According to NPR, Babbitt was “was a libertarian and supporter of President Trump, according to her social media posts, as well as a follower of the far-right conspiracy theory known as QAnon.”

Alex Newhouse has also looked deeper into Parler, suggesting that the ownership of Parler remains a well-kept secret.

As he noted, “Dan Bongino, the highly popular right-wing commentator who published a book about the ‘deep state’ conspiracy theory and frequently publishes unverified information, has at least a small ownership stake in the company. CEO John Matze said in a post on Parler that is now unavailable because the site is down that the ownership is composed of himself and ‘a small group of close friends and employees.'”

“Notably, conservative billionaire Robert Mercer and his daughter, Rebekah, are investors in the platform. Rebekah Mercer helped co-found it with Matze. The Mercers are well known for their investments in other conservative causes, including Nigel Farage’s Brexit campaign, Breitbart News and Cambridge Analytica. The connection to Cambridge Analytica has, in particular, alarmed experts, who worry that Parler may harvest unnecessary data from unwitting users.

“Parler’s privacy policy doesn’t put to rest concerns about user privacy, either: The policy says that Parler has permission to collect a vast amount of personal information, and gives its members much less control than mainstream platforms over what that data can be used for.”

“If the company can find a new web hosting service, Parler’s fate will hinge on what its members do over the next few months.
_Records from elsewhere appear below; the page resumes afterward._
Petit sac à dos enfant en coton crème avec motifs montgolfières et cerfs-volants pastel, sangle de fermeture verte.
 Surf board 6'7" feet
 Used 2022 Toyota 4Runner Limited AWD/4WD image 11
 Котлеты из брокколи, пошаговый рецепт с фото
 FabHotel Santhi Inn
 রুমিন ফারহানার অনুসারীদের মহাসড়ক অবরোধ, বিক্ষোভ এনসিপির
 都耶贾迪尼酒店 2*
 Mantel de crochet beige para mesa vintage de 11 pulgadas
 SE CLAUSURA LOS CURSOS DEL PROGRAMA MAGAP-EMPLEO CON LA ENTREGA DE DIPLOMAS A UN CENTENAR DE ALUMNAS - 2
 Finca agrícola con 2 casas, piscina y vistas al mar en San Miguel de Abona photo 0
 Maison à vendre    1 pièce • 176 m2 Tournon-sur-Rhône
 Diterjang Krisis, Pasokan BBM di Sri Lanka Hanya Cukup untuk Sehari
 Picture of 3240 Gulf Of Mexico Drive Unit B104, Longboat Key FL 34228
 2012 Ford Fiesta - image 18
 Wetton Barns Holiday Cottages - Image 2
Will the company be able to capitalize on the influx of new users, or will its members slowly trickle back to the larger platforms, particularly amid recriminations for the platform’s role in the U.S. Capitol insurrection? A major factor is how Trump himself reacts, and whether he eventually creates an account on Parler. Prominent right-wing figures, including Sen. Lee, have called on him to do so.”